From Lima onwards, we hope to ensure a platform is created to give a voice, after 2020, to local authorities, innovative businesses and international institutions. This platform would enable them to gear their efforts towards the transition. It will be a place of both demonstration and commitment.
The governments will make commitments and see each other regularly – every five years, we hope – to take stock and examine solutions in order to improve the various proposals, because there is still a long way to go to limit the rise in temperatures. Local authorities and businesses will also take stock of their action every five years and plan for the future.
The agreement must promote a shared vision of the future and a method to make expectations converge. It can be likened to a self-fulfilling prophecy.
As for the solutions agenda, an unprecedented galvanization of economic stakeholders can be seen.
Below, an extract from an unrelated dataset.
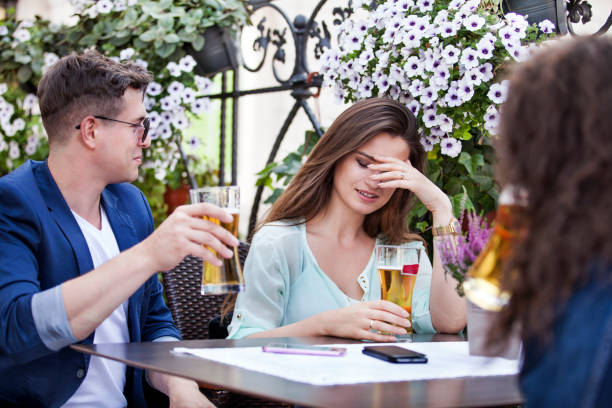 Group of young people sitting in a beer garden stock photo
MAJOR COUNTRIES’ APPROACHES
I’d like to conclude by showing that we have a lot more chance of succeeding than in Copenhagen, despite many risks.
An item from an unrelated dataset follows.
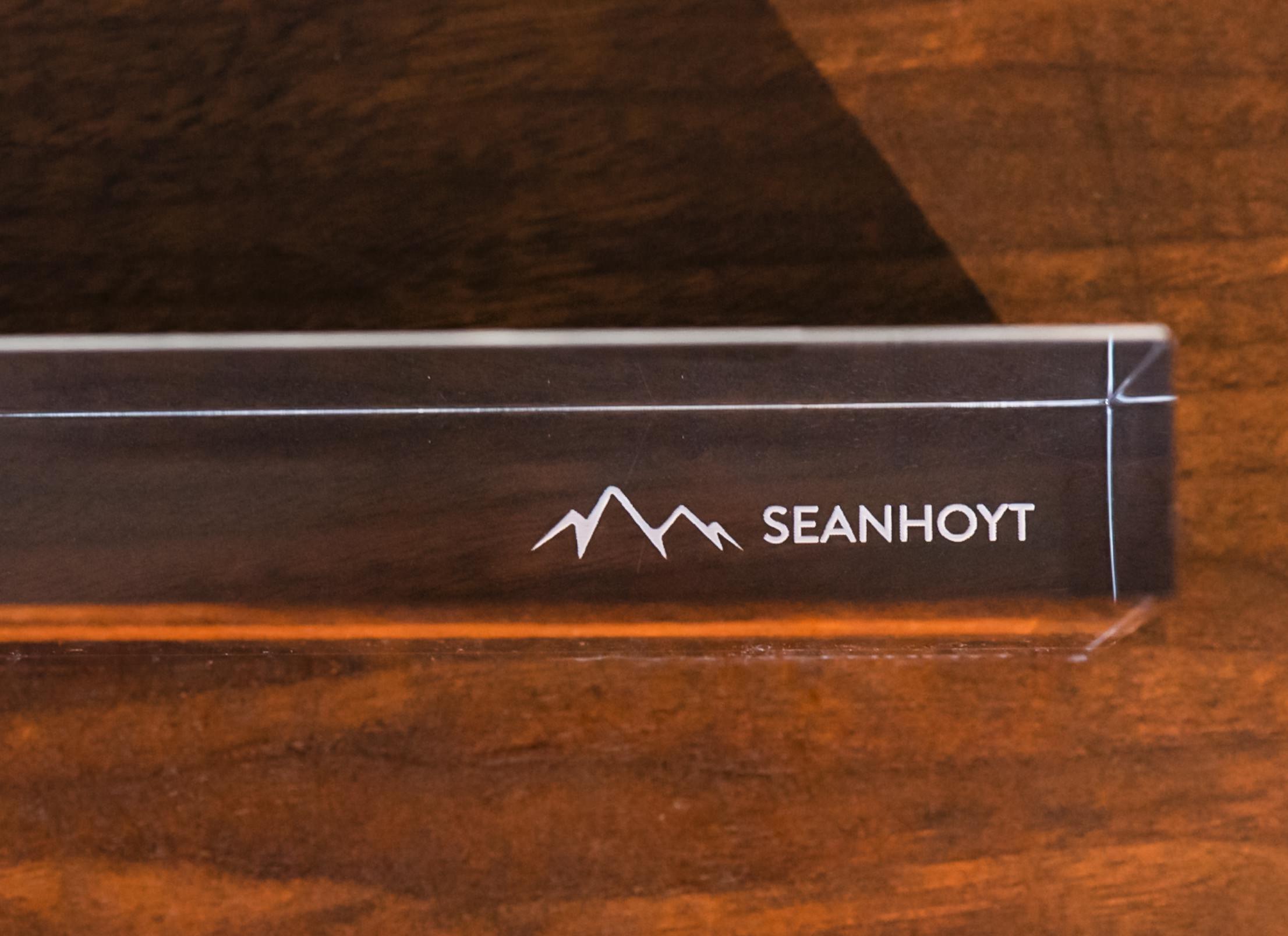 Logo is laser-engraved in reverse on the bottom to show up through the acrylic when the print is standing upright.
Most of the countries are infinitely better prepared than in 2009. I’m thinking in particular of the emerging countries, especially China. There’s considerable parliamentary work to do with China. 2009 was a shock, a political shock from the clash of the old world of developed countries with the emerging countries, but also a shock for the emerging countries, whose increased power coincided with new global responsibilities: China is the main emitter of greenhouse gases. (…)
No political solutions were provided to this shock. But since 2009, many countries have thought about the transformation of their economies. Significant preparations are under way in the emerging countries, and change is afoot in the United States.
Even though the elections weren’t favourable for the administration, which is making efforts today, many US states have gone down the path of decarbonizing the economy, not just California: renewable energies, improved networks, intelligent networks and Positive Energy Buildings are becoming widespread along with a growing concern about the impact of climate change.
So there is an unprecedented degree of preparation.
Countries which, in the past, found themselves adopting a defensive policy, such as India, China, Brazil and South Africa, are starting to take different views: South Africa and Brazil are in favour of a good solution in 2015, India is wondering what approach to take and China is determined to get an agreement in Paris. The political landscape has changed a great deal, which makes me think that the major countries would like to reach an agreement in December 2015. The whole challenge is to conclude an agreement, not a cut-price one, but one which points the way.
We know that this agreement won’t provide the solution for keeping to the 2ºC limit in 2015 because, as things currently stand, countries’ contributions won’t match what needs to be done. Global emissions should have already begun to fall. On the other hand, we must agree on a disciplinary framework for countries, solutions and a road map. At the close of the Paris conference, there must be a plan drawn up to get back to 2ºC, a plan shared by governments, local authorities and businesses, even if this plan sets out a trajectory which is the subject of meetings every five years to ensure it is respected.
Europe’s announcement, which we could have wished more ambitious, had a very positive effect on our partners. We’re the first to set out an ambitious figure for cutting emissions. Despite the recession affecting it, Europe is asserting its belief in a low-carbon economy. (…) Europe is showing that it unilaterally believes that the ecological transition is good for it and, at the same time, is sending a very positive signal to all the countries which still have doubts.
Two doubts must be overcome. The first: can it be done? Are our societies willing to do it? In this respect, the more one observes the countries preparing for it, the less doubt there is. The second doubt: are the others going to do it? This doubt, precisely, is more easily dispelled today because many countries are hoping for success in December  faced with a climate risk which has never been more fully grasped – as we saw on 23 September [UN Climate Summit]. (…)./.